Jumat, 23 September 2011

Izinkan Aku Menciummu, Ibu

Sewaktu masih kecil, aku sering merasa dijadikan pembantu olehnya.
Ia selalu
menyuruhku mengerjakan tugas-tugas seperti menyapu lantai dan mengepelnya setiap
pagi dan sore.
Setiap hari, aku 'dipaksa' membantunya memasak di pagi buta
sebelum ayah dan adik-adikku bangun.
Bahkan sepulang sekolah, ia tak
mengizinkanku bermain sebelum semua pekerjaan rumah dibereskan.
Sehabis makan,
aku pun harus mencucinya sendiri juga piring bekas masak dan makan yang lain.
Tidak jarang aku merasa kesal dengan semua beban yang diberikannya hingga setiap
kali mengerjakannya aku selalu bersungut-sungut.
Kini, setelah dewasa aku mengerti kenapa dulu ia melakukan itu semua. Karena aku
juga akan menjadi seorang istri dari suamiku, ibu dari anak-anakku yang tidak
akan pernah lepas dari semua pekerjaan masa kecilku dulu.
Terima kasih ibu,
karena engkau aku menjadi istri yang baik dari suamiku dan ibu yang dibanggakan
oleh anak-anakku.
Saat pertama kali aku masuk sekolah di Taman Kanak-Kanak, ia yang mengantarku
hingga masuk ke dalam kelas.
Dengan sabar pula ia menunggu.
Sesekali kulihat dari
jendela kelas, ia masih duduk di seberang sana.
Aku tak peduli dengan setumpuk
pekerjaannya di rumah, dengan rasa kantuk yang menderanya, atau terik, atau
hujan.
Juga rasa jenuh dan bosannya menunggu.
Yang penting aku senang ia
menungguiku sampai bel berbunyi.
Kini, setelah aku besar, aku malah sering meninggalkannya, bermain bersama
teman-teman, bepergian.
Tak pernah aku menungguinya ketika ia sakit, ketika ia
membutuhkan pertolonganku disaat tubuhnya melemah.
Saat aku menjadi orang
dewasa, aku meninggalkannya karena tuntutan rumah tangga.
Di usiaku yang menanjak
remaja, aku sering merasa malu berjalan bersamanya.
Pakaian dan dandanannya yang
kuanggap kuno jelas tak serasi dengan penampilanku yang trendi.
Bahkan
seringkali aku sengaja mendahuluinya berjalan satu-dua meter didepannya agar
orang tak menyangka aku sedang bersamanya.
Padahal menurut cerita orang, sejak aku kecil ibu memang tak pernah memikirkan
penampilannya, ia tak pernah membeli pakaian baru, apalagi perhiasan.

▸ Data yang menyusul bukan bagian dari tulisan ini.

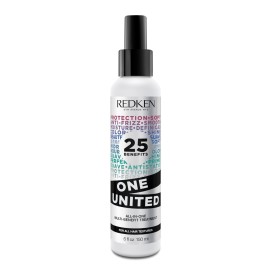 Redken One United All-In-One Leave In Conditioner - Multi-Benefit Leave In Treatment For All Hair Types, Heat Protectant and Detangler Spray, Paraben-Free, 5 Fl Oz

Ia
sisihkan semua untuk membelikanku pakaian yang bagus-bagus agar aku terlihat
cantik, ia pakaikan juga perhiasan di tubuhku dari sisa uang belanja bulanannya.
Padahal juga aku tahu, ia yang dengan penuh kesabaran, kelembutan dan kasih
sayang mengajariku berjalan.
Ia mengangkat tubuhku ketika aku terjatuh, membasuh
luka di kaki dan mendekapku erat-erat saat aku menangis.
Selepas SMA, ketika aku
mulai memasuki dunia baruku di perguruan tinggi.
Aku semakin merasa jauh berbeda
dengannya.
Aku yang pintar, cerdas dan berwawasan seringkali menganggap ibu
sebagai orang bodoh, tak berwawasan hingga tak mengerti apa-apa.
Hingga kemudian
komunikasi yang berlangsung antara aku dengannya hanya sebatas permintaan uang
kuliah dan segala tuntutan keperluan kampus lainnya.
Usai wisuda sarjana, baru aku mengerti, ibu yang kuanggap bodoh, tak berwawasan
dan tak mengerti apa-apa itu telah melahirkan anak cerdas yang mampu meraih
gelar sarjananya.
Meski Ibu bukan orang berpendidikan, tapi do'a di setiap
sujudnya, pengorbanan dan cintanya jauh melebihi apa yang sudah kuraih. Tanpamu
Ibu, aku tak akan pernah menjadi aku yang sekarang.
Pada hari pernikahanku, ia menggandengku menuju pelaminan.
Ia tunjukkan
bagaimana meneguhkan hati, memantapkan langkah menuju dunia baru itu. Sesaat
kupandang senyumnya begitu menyejukkan, jauh lebih indah dari keindahan senyum
suamiku.
Usai akad nikah, ia langsung menciumku saat aku bersimpuh di kakinya.
Saat itulah aku menyadari, ia juga yang pertama kali memberikan kecupan
hangatnya ketika aku terlahir ke dunia ini.
Kini setelah aku sibuk dengan urusan rumah tanggaku, aku tak pernah lagi
menjenguknya atau menanyai kabarnya.
Aku sangat ingin menjadi istri yang shaleh
dan taat kepada suamiku hingga tak jarang aku membunuh kerinduanku pada Ibu.
Sungguh, kini setelah aku mempunyai anak, aku baru tahu bahwa segala kiriman
uangku setiap bulannya tak lebih berarti dibanding kehadiranku untukmu. Aku akan
datang dan menciummu Ibu, meski tak sehangat cinta dan kasihmu kepadaku.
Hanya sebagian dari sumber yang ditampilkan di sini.